# Big Red Cats



## atr3yu (Feb 15, 2012)

Wow man that looked like an epic great time. Rossland is only like an 1 hr ish from where I live so it was nice to see local terrain. No offense but I was happy to see you guys falling now and then as I am hopefully getting a few free days up at Bald Face and didn't want to feel like the jack ass that fell down a few times. Anyways, thanks a lot for sharing! I loved it!


----------



## Justin (Jun 2, 2010)

ya it was a lot of fun. 

Don't worry about falling, everyone does. 

Is bald face heli or cat?


----------



## atr3yu (Feb 15, 2012)

Justin said:


> ya it was a lot of fun.
> 
> Don't worry about falling, everyone does.
> 
> Is bald face heli or cat?


Bald Face is heli access to the lodge, then cat from there. My boss went for a few days this year and said it was the best few days of his life. I really hope I can get up there next year! Bald Face


----------



## Justin (Jun 2, 2010)

ya that would be wicked.

The riding wasn't super different then riding at a good resort but it was like the best runs of your life but every run. The conditions were amazing every run.


----------



## killclimbz (Aug 10, 2007)

Embeded the video for you.

Looks like a good time to me. Cat Skiing is a nice luxury and it's also nice to not have to carry as much gear as you do as say if you are going splitboarding for the day. Plus you don't have to burn your quads up and down. Though I like doing that, but it's not for every one. 

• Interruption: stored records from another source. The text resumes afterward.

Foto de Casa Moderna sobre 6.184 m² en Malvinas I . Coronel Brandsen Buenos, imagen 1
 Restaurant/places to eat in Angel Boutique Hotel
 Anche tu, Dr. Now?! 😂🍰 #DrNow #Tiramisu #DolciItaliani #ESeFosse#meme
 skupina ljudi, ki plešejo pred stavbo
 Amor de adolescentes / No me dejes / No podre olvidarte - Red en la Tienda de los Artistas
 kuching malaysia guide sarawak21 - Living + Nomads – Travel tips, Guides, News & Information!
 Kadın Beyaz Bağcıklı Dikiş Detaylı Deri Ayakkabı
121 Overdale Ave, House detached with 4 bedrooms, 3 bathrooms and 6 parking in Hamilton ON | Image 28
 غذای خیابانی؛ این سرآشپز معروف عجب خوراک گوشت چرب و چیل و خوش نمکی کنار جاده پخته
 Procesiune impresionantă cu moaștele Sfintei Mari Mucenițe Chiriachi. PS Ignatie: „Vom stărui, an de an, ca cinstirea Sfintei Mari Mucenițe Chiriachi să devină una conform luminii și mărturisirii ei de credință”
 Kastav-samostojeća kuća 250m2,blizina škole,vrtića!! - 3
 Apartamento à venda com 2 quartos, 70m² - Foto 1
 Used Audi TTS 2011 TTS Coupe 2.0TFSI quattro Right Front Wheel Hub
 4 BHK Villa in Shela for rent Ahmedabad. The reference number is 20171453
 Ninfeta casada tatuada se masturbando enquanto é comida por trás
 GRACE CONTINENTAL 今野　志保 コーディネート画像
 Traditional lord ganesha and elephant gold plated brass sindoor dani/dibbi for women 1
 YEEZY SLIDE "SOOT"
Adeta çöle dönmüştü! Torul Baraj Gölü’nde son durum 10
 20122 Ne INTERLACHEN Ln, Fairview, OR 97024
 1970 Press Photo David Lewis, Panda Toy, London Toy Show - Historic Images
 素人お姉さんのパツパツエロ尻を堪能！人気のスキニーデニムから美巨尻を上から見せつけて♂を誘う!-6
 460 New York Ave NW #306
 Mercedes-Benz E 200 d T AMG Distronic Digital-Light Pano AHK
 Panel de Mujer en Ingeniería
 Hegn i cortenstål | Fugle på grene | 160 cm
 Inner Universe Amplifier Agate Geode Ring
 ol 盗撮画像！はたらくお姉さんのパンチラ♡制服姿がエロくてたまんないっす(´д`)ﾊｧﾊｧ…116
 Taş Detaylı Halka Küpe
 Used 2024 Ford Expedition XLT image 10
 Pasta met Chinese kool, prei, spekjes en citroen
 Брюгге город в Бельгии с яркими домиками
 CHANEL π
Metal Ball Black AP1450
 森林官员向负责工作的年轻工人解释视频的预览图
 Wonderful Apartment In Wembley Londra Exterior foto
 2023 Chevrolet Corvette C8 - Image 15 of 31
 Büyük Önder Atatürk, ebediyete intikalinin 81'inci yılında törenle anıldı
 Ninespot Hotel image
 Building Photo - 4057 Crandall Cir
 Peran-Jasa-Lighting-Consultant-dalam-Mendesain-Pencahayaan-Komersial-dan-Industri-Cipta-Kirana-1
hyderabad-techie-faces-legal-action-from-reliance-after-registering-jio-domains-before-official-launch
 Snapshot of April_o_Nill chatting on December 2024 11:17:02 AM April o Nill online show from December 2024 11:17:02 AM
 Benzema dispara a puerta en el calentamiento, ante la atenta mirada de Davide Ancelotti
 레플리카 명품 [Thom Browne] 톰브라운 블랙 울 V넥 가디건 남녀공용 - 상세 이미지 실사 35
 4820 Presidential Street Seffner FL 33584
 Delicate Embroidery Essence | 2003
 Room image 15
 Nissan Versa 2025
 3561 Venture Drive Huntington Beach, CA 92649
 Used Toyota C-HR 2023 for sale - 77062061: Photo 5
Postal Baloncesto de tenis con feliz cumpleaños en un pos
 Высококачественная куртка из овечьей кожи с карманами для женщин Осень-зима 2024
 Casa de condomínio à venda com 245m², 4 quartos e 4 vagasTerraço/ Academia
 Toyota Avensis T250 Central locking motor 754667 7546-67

Bald Face cat skiing looks amazing. So does the Monashees.


----------



## Justin (Jun 2, 2010)

thx for embedding.

Luxury is right lol, i think we got a pretty good deal and it was still around the $200 dollar mark. I bought a split a little while ago so i hope to get more good days in the back country next year.


----------



## Argo (Feb 25, 2010)

$200/day? That's pretty good


----------



## Justin (Jun 2, 2010)

i think it was closer to $250 not %100 sure. I think the guy that organized it got us a discount.


----------